Rob Brunet: The germ of Stinking Rich came on a car ride to Toronto from Montreal, staring out the window at alternating bush and farmland. I let my mind wander among strange tales I imagined might take place there. As the geography scrolled by, I was struck by how many places someone could hide something if he really wanted to. And what he might need to hide. If you’ve read the book, I think you know where this is going.
The story revealed itself to me character by character. My job became weaving them together into a single plot that made sense. Telling stories from a criminal point-of-view gave me a lot of room to examine motivations—or just plain impulses—of people playing out their lives on the fringe of polite society. Whether plucked from small town newspapers or inspired by guys I’ve met over too much beer, I think my characters start out real enough. That they wind up whacko says more about me than the people who populate rural Ontario.
9DW: I’ve only just started reading your book. What can I look forward to? I know it’s a crime novel, but what else is it? Noir? Comedy?
RB: Call it black humour. We put “A Crime Novel” on the cover so that people wouldn’t confuse Stinking Rich with a non-fiction treatise of bankers and software geeks, though I may want to have fun with that some day. Seriously, though, classification is hard to get right, especially when you’re looking in the mirror. I set out to entertain, to make people laugh. And, believe it or not, to slip in a bit of social commentary between all the scat. I just wanted to tell the kind of story I thought people would enjoy reading.

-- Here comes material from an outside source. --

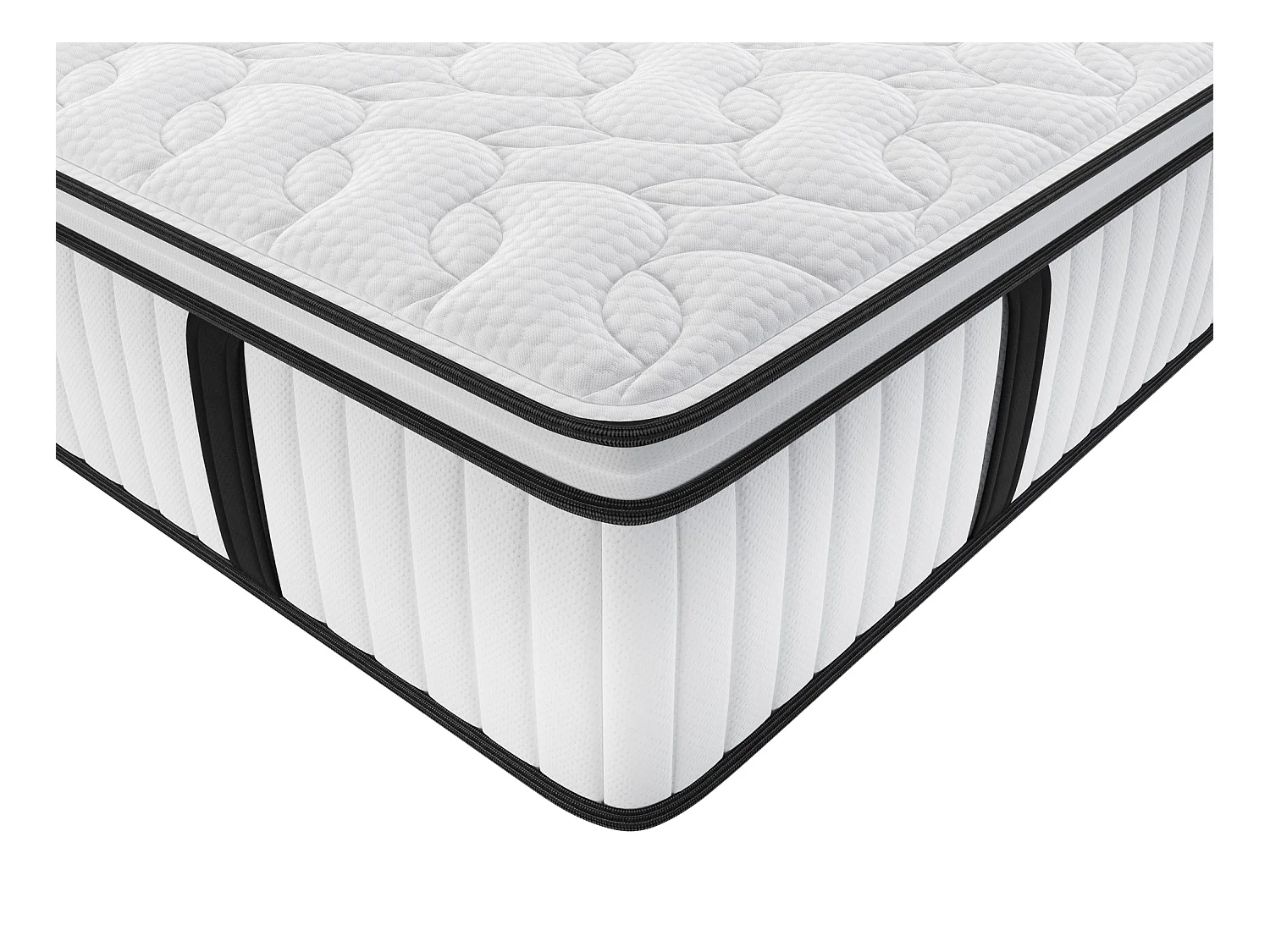 Set 180 x 200 cm med resårbottensäng + brandskyddande madrass med fickresårer och integrerad extra tjocklek 28 cm - DELICE av YSMÉE HOTELL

9DW: You had a great turnout at the Montreal event, so we didn’t have much time to chat in person. At the time I’d wanted to know more about your publisher, Down & Out Books, because I’d never heard of them before. They seem well organized and supportive of their authors. What’s been your experience so far, working with Down & Out?
RB: Down & Out are one of the new crop of indie crime publishers bringing fresh voices to market. Since they’re about to celebrate four years in business, they’re practically veterans in that space. One thing I love about them is how flexible they are. Since I’m leaping into writing with both feet, it helps to be working with a publisher who’s responsive and doesn’t mind fielding a lot of questions from a keener.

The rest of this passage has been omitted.